From business magnate to political patron

With a net worth of around $2bn, Bahaa’s economic endeavours have fared far more favourably than his younger brother, whose assets have declined from around $3.3bn in 2008 to around half that value today. Unlike Saad and other siblings and relatives, who often intertwine various ventures and sectors, Bahaa appears to have cut a path somewhat separate from the Hariri family business. He sold his stake in family-owned construction company Saudi Oger to Saad in 2008. In 2002, Bahaa founded Horizon Group Holdings, a property investment and development company, with operations in Lebanon, Jordan and Saudi Arabia, and projects in the first two.

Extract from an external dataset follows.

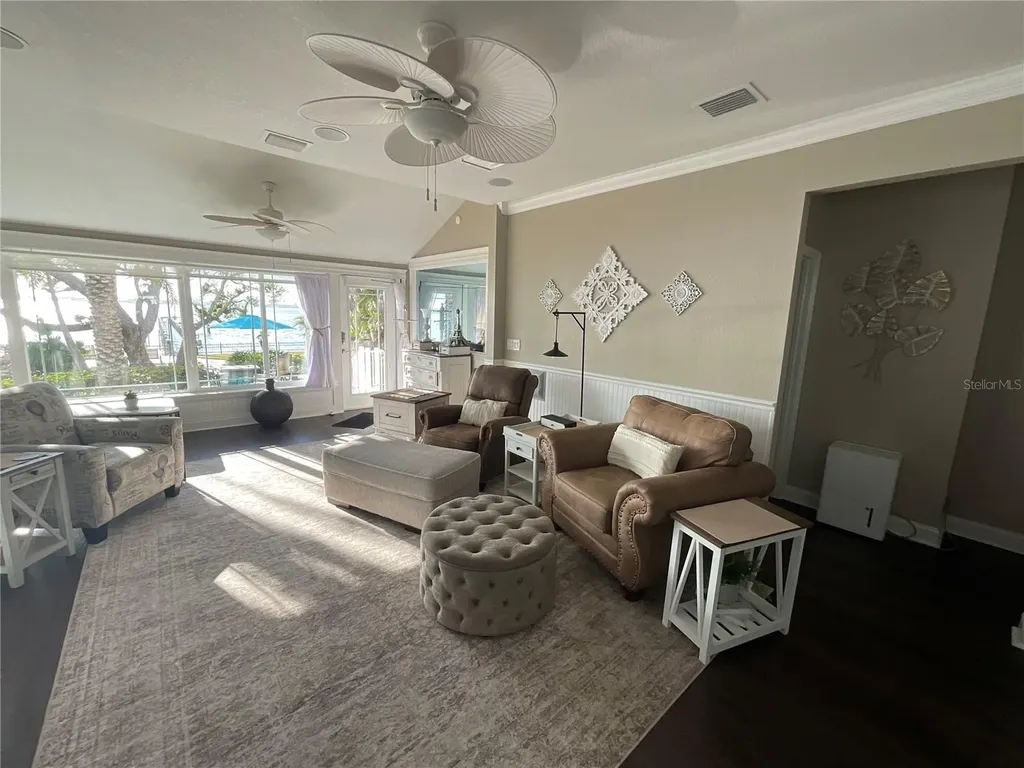 202 Fairmont Street Clearwater FL 33755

The elder Hariri told local newspaper The Daily Star in 2014 that he had his eyes set on investing more in Lebanon, Syria and Iraq by the turn of the decade. In Jordan, he was notably involved with the Abdali project in Amman, a joint venture between Horizon and the Jordanian government. The project, worth $5bn, is the development of an old downtown district, including luxury shopping, residences and offices. That said, it appears that politics was never out of the question for Hariri. In May 2011, US think tank the Atlantic Council launched the Rafik Hariri Center for the Middle East, with Bahaa as its founding sponsor. But a Washington source close to the Hariris told MEE that he did not invest much time into garnering influence and support in the US capital. Whether that was by accident or design is unclear. “Obviously Bahaa knows that on some level his support for the center offers him access in Washington that he wouldn’t have otherwise. That is a main reason wealthy people donate to think tanks after all,” the source said. “Having said that, it was up to him to capitalise on that access, which he obviously has not done.” In fact, Hariri has kept a low profile in the think tank, despite also being on the advisory board. His public presence with the Atlantic Council has been minimal, except for a brief 2011 interview in which he broadly discussed political and economic issues in the Middle East and North Africa. “He never once even mentioned his own political ambitions,” the source said.

Testing the waters in Riyadh

Since his father’s assassination and Saad’s subsequent appointment as successor to lead the Future Movement, it appeared that whatever interest in politics Bahaa may have had at the time – if any – were to be limited. However, on 4 November 2017, then prime minister Saad Hariri resigned in Riyadh on Al-Arabiya television, citing Hezbollah, Iran and his own safety as the key reasons. Hariri returned to Beirut later that month, eventually rescinding his resignation, which it was widely believed had been made under Saudi pressure. UN Special Rapporteur Agnes Callamard in a report said the prime minister was forcefully held by Saudi officials, verbally abused, and even beaten. It appeared that Hariri’s more diplomatic approach to Hezbollah upset Saudi Arabia, his key patron. During that tumultuous period, the elder Hariri broke his silence with a public statement. He backed Saad Hariri’s resignation, condemned Iran and Hezbollah for “seeking to take control of Lebanon”, and praised Saudi Arabia.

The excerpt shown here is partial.